Requirement: The answer must consist only of the lines from the line with "LOTE 48 RP 1686 DOÑA EVANGELINA" to the line with "1810 Bird Point Drive Cotopaxi, CO 81223", both included, exactly as they stand below.

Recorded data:
──────────

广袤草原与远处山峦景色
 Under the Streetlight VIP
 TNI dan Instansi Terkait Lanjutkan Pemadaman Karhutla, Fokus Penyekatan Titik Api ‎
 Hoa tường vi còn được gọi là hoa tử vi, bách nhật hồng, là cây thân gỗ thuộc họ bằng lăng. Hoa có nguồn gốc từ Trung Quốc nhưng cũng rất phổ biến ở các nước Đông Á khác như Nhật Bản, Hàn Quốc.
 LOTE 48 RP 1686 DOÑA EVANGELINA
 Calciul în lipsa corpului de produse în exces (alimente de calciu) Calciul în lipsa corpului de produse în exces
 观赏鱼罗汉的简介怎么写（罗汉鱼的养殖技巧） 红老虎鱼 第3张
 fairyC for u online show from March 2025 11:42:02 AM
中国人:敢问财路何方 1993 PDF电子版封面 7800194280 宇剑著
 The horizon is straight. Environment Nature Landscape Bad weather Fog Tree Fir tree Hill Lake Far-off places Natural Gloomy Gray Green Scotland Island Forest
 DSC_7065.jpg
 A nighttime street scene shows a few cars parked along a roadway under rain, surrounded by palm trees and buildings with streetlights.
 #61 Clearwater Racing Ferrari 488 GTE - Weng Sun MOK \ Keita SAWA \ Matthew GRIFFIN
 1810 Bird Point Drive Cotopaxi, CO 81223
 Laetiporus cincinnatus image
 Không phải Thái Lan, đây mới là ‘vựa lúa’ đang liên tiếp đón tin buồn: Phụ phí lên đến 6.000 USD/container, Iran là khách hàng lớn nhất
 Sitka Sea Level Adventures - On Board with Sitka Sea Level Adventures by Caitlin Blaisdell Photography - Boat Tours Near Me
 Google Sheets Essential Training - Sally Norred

──────────

Result for this task:
 LOTE 48 RP 1686 DOÑA EVANGELINA
 Calciul în lipsa corpului de produse în exces (alimente de calciu) Calciul în lipsa corpului de produse în exces
 观赏鱼罗汉的简介怎么写（罗汉鱼的养殖技巧） 红老虎鱼 第3张
 fairyC for u online show from March 2025 11:42:02 AM
中国人:敢问财路何方 1993 PDF电子版封面 7800194280 宇剑著
 The horizon is straight. Environment Nature Landscape Bad weather Fog Tree Fir tree Hill Lake Far-off places Natural Gloomy Gray Green Scotland Island Forest
 DSC_7065.jpg
 A nighttime street scene shows a few cars parked along a roadway under rain, surrounded by palm trees and buildings with streetlights.
 #61 Clearwater Racing Ferrari 488 GTE - Weng Sun MOK \ Keita SAWA \ Matthew GRIFFIN
 1810 Bird Point Drive Cotopaxi, CO 81223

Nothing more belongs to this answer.